Supplied records:
--- --- ---

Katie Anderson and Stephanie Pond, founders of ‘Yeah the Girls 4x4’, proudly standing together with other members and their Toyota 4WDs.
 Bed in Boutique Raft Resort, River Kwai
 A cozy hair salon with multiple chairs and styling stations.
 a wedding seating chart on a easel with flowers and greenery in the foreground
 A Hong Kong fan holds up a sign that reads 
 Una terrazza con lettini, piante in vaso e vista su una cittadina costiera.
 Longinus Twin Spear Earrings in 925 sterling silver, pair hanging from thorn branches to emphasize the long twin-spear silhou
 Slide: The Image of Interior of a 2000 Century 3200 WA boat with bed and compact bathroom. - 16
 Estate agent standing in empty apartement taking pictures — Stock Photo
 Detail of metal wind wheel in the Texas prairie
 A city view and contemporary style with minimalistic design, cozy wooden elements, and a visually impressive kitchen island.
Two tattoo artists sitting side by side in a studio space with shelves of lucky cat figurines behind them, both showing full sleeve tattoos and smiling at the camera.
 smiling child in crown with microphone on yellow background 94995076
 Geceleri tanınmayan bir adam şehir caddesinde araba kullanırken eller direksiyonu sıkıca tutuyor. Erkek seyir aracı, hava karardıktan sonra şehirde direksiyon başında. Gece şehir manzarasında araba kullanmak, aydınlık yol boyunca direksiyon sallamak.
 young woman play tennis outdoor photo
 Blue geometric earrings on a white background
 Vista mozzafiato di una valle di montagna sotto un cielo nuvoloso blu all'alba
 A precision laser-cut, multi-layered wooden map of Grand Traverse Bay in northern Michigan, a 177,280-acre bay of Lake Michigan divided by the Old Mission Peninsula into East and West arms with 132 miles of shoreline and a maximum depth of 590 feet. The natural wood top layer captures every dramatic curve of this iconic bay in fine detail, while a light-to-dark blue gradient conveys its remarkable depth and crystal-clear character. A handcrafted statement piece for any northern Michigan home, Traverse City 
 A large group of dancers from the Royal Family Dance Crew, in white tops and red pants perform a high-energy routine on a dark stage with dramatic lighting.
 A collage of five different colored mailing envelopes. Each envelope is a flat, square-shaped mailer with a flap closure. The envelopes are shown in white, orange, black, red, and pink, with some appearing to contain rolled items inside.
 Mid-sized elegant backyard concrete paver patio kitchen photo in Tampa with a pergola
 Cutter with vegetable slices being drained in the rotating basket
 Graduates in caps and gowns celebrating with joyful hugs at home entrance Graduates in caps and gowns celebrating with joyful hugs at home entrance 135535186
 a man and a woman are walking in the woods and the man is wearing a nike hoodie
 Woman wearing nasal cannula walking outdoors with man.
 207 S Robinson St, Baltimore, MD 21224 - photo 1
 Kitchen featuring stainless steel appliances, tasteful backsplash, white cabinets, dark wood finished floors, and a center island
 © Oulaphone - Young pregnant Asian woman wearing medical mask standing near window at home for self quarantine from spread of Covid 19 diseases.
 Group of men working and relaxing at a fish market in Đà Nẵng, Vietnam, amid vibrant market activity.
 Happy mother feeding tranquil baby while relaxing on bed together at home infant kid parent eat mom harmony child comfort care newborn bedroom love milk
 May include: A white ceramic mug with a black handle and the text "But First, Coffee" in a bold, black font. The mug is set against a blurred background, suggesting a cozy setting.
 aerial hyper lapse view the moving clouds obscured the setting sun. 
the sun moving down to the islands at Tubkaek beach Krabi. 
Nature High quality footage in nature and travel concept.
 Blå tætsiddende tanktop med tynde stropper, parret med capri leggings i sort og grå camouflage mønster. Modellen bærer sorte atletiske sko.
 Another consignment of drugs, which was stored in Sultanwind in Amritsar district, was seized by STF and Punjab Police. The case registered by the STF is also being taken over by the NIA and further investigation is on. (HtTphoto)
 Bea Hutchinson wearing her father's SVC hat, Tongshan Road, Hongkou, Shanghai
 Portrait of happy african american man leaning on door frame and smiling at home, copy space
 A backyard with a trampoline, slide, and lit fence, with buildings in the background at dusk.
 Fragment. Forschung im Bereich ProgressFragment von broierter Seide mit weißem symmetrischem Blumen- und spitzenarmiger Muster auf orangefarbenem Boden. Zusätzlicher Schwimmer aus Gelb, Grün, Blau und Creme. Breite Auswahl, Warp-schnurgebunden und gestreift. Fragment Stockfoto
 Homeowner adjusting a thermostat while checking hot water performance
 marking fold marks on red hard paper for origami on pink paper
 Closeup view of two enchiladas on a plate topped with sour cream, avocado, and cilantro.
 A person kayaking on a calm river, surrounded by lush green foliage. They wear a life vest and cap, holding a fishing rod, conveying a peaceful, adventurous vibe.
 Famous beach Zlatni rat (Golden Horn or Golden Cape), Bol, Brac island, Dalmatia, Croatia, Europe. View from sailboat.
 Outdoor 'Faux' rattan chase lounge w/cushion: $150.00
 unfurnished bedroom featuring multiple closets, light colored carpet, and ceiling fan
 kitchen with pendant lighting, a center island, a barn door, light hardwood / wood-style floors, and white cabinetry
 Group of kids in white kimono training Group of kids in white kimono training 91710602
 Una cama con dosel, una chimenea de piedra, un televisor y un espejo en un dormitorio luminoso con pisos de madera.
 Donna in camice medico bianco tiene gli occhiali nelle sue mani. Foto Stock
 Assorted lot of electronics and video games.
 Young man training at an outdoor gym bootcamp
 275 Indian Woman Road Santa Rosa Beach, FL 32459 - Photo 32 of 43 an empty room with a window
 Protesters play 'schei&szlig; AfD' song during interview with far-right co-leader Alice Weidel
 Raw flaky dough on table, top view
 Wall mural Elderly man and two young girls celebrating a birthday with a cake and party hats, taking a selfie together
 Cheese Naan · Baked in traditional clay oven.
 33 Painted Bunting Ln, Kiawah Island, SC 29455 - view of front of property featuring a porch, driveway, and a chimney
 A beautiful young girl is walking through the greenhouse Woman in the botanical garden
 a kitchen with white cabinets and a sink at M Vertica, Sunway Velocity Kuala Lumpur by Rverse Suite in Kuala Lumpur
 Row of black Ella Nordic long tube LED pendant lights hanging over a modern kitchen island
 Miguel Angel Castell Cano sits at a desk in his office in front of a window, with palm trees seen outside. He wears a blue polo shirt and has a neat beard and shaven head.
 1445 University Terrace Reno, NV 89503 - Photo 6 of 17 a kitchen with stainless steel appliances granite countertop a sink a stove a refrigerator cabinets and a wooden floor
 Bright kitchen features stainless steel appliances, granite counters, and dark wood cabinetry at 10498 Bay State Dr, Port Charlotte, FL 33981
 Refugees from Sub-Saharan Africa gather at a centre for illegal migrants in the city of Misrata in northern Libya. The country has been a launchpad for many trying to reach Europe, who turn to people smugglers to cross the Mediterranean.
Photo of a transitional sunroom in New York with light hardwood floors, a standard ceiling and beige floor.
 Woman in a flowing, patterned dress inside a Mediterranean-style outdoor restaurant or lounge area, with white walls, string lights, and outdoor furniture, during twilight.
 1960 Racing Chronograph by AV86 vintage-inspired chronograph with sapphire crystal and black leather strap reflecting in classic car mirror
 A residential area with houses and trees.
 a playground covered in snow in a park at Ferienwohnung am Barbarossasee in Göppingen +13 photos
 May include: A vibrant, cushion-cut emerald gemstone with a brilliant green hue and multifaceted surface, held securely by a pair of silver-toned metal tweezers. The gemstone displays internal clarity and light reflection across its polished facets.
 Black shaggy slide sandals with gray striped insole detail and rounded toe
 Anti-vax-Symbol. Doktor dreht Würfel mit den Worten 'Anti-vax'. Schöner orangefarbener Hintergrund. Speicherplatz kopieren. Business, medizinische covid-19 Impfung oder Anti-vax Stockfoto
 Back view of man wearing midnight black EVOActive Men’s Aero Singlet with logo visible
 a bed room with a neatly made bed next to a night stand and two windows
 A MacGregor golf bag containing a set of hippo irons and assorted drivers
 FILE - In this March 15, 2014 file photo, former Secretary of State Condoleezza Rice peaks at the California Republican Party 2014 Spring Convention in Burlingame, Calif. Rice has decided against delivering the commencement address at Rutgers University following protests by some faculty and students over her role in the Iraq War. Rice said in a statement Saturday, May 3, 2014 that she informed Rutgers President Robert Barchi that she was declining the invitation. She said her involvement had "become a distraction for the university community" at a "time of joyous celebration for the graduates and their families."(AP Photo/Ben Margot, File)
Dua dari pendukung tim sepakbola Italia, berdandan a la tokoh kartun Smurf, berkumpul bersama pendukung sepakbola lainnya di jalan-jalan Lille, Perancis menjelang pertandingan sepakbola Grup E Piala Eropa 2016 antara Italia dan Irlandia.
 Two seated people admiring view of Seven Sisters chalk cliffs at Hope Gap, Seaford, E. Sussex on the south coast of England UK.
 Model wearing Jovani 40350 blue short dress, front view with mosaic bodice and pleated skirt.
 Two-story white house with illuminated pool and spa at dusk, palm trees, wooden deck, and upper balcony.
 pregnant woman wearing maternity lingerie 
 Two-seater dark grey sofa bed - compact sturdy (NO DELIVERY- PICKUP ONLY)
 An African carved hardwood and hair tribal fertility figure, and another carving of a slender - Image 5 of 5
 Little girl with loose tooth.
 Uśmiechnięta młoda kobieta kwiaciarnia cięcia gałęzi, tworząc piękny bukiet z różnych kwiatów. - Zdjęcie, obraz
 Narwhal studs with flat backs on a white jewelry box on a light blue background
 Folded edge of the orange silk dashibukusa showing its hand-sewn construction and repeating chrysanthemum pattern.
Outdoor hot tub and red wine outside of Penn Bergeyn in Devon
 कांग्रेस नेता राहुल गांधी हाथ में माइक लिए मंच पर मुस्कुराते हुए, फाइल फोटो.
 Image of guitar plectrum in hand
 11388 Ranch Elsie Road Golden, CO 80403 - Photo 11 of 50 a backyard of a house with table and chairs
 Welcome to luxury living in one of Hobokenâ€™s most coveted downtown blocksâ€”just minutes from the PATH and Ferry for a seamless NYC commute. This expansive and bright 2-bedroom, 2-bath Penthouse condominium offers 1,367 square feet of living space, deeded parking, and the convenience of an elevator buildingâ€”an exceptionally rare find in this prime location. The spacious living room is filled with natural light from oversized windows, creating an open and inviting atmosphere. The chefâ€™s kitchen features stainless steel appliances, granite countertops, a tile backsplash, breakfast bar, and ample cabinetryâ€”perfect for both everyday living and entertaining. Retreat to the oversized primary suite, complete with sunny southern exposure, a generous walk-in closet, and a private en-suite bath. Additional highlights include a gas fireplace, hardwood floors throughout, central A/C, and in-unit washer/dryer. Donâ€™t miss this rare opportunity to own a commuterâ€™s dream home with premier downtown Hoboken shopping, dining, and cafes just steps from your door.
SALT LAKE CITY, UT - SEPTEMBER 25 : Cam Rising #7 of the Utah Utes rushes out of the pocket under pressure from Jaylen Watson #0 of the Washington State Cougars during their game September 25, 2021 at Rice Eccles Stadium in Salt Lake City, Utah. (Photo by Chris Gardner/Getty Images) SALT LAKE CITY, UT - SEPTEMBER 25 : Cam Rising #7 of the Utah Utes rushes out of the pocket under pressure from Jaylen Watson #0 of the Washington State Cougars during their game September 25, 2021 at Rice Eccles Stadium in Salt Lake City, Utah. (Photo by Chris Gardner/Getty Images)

--- --- ---

What the exercise asks: Look above for the line with "Longinus Twin Spear" and the line with "home entrance 135535186". Write out those two lines and all the lines between them, exactly, and no others.

Output of the task:
 Longinus Twin Spear Earrings in 925 sterling silver, pair hanging from thorn branches to emphasize the long twin-spear silhou
 Slide: The Image of Interior of a 2000 Century 3200 WA boat with bed and compact bathroom. - 16
 Estate agent standing in empty apartement taking pictures — Stock Photo
 Detail of metal wind wheel in the Texas prairie
 A city view and contemporary style with minimalistic design, cozy wooden elements, and a visually impressive kitchen island.
Two tattoo artists sitting side by side in a studio space with shelves of lucky cat figurines behind them, both showing full sleeve tattoos and smiling at the camera.
 smiling child in crown with microphone on yellow background 94995076
 Geceleri tanınmayan bir adam şehir caddesinde araba kullanırken eller direksiyonu sıkıca tutuyor. Erkek seyir aracı, hava karardıktan sonra şehirde direksiyon başında. Gece şehir manzarasında araba kullanmak, aydınlık yol boyunca direksiyon sallamak.
 young woman play tennis outdoor photo
 Blue geometric earrings on a white background
 Vista mozzafiato di una valle di montagna sotto un cielo nuvoloso blu all'alba
 A precision laser-cut, multi-layered wooden map of Grand Traverse Bay in northern Michigan, a 177,280-acre bay of Lake Michigan divided by the Old Mission Peninsula into East and West arms with 132 miles of shoreline and a maximum depth of 590 feet. The natural wood top layer captures every dramatic curve of this iconic bay in fine detail, while a light-to-dark blue gradient conveys its remarkable depth and crystal-clear character. A handcrafted statement piece for any northern Michigan home, Traverse City 
 A large group of dancers from the Royal Family Dance Crew, in white tops and red pants perform a high-energy routine on a dark stage with dramatic lighting.
 A collage of five different colored mailing envelopes. Each envelope is a flat, square-shaped mailer with a flap closure. The envelopes are shown in white, orange, black, red, and pink, with some appearing to contain rolled items inside.
 Mid-sized elegant backyard concrete paver patio kitchen photo in Tampa with a pergola
 Cutter with vegetable slices being drained in the rotating basket
 Graduates in caps and gowns celebrating with joyful hugs at home entrance Graduates in caps and gowns celebrating with joyful hugs at home entrance 135535186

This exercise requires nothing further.